**Aim of the task**
Output exactly those lines of the data that lie between the line containing "655 Anderson Walk Marietta, GA 30062" and the final line, both ends counted.

**Provided data**
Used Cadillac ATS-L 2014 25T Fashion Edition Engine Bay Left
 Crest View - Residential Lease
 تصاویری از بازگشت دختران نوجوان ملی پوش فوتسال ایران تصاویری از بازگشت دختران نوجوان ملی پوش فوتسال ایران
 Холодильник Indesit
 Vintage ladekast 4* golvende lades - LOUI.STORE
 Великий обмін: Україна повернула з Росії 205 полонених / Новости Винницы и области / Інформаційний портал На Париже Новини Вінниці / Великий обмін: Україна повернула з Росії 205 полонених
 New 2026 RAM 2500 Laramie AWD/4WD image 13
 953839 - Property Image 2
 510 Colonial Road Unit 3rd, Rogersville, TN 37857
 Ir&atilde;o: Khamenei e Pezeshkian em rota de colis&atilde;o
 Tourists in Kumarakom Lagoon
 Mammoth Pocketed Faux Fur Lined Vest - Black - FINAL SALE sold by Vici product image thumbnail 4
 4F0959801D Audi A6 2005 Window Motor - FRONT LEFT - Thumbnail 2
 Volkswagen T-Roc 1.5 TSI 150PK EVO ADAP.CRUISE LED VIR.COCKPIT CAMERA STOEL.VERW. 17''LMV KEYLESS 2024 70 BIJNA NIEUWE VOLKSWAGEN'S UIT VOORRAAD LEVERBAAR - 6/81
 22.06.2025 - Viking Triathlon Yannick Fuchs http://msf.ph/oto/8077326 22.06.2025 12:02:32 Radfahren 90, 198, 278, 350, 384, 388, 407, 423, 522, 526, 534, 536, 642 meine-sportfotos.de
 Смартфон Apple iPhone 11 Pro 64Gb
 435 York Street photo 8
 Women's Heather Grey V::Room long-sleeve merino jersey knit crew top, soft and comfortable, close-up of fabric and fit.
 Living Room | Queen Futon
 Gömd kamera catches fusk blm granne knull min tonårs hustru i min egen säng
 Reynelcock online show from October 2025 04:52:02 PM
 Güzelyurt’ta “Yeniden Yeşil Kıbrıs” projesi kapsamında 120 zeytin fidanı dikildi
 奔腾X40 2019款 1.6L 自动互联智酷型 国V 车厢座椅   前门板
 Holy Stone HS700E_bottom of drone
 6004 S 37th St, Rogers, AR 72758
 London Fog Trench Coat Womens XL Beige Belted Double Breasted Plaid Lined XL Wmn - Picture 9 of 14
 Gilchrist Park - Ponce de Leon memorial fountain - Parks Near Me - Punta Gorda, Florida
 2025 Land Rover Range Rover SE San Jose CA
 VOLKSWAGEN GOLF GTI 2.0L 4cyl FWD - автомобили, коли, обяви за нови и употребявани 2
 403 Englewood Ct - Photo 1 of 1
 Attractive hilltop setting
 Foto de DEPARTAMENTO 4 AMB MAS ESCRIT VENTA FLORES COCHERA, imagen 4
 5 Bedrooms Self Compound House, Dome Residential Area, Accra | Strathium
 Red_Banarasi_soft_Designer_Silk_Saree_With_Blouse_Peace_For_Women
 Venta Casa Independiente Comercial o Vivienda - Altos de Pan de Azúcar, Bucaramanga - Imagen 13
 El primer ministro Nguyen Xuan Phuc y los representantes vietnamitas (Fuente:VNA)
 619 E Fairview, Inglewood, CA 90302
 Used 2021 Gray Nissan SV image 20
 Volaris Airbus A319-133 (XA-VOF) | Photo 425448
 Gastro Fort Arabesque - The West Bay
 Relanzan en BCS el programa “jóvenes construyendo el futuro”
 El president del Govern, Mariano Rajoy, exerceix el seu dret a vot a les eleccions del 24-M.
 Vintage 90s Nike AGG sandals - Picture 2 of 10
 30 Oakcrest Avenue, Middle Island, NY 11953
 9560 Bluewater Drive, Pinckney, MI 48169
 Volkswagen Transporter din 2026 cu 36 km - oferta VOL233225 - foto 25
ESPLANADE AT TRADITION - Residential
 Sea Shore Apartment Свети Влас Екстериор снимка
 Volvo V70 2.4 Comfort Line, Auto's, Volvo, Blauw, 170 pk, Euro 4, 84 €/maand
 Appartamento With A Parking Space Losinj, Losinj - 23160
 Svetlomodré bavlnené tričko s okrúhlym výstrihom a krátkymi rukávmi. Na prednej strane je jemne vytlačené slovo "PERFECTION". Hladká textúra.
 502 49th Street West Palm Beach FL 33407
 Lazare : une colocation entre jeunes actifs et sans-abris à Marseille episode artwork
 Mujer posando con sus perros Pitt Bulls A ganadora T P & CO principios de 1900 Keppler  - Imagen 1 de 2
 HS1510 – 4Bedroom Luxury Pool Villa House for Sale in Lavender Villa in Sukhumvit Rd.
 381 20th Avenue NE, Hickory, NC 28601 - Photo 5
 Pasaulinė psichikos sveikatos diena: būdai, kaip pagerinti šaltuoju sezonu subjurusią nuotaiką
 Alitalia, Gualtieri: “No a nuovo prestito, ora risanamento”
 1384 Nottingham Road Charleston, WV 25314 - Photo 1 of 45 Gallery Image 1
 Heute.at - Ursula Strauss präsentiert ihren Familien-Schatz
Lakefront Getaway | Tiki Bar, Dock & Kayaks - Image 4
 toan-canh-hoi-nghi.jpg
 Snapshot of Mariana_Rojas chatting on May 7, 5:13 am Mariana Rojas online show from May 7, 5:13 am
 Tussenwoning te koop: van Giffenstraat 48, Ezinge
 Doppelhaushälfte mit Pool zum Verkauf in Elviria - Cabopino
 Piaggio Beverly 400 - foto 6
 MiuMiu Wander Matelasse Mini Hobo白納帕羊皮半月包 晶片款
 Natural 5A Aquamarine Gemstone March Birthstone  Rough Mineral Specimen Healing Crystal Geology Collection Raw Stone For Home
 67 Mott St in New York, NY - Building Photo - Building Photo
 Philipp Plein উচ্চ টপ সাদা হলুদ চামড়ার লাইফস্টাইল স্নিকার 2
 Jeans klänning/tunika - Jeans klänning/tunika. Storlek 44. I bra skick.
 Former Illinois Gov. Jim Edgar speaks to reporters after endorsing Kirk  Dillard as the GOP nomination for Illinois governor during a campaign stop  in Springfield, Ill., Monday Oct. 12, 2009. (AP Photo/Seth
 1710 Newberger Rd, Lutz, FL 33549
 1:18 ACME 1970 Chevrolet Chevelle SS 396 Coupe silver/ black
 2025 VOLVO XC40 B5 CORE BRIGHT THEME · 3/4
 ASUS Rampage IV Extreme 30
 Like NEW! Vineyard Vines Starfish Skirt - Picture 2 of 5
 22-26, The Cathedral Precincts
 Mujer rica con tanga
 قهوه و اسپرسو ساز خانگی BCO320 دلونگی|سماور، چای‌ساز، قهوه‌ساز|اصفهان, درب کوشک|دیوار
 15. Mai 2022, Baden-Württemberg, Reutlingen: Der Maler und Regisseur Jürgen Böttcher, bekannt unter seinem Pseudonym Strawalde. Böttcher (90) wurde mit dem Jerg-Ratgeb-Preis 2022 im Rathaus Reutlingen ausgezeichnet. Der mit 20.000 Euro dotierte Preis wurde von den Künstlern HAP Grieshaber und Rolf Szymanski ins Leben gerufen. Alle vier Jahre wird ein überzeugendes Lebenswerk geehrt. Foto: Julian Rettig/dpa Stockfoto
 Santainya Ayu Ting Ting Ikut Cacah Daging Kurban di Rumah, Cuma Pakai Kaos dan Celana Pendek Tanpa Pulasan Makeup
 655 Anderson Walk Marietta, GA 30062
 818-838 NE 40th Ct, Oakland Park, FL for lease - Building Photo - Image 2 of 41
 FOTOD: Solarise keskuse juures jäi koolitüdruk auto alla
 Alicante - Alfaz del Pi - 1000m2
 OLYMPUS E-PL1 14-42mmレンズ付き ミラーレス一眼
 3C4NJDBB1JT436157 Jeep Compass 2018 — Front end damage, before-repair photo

**Output of the exercise**
 655 Anderson Walk Marietta, GA 30062
 818-838 NE 40th Ct, Oakland Park, FL for lease - Building Photo - Image 2 of 41
 FOTOD: Solarise keskuse juures jäi koolitüdruk auto alla
 Alicante - Alfaz del Pi - 1000m2
 OLYMPUS E-PL1 14-42mmレンズ付き ミラーレス一眼
 3C4NJDBB1JT436157 Jeep Compass 2018 — Front end damage, before-repair photo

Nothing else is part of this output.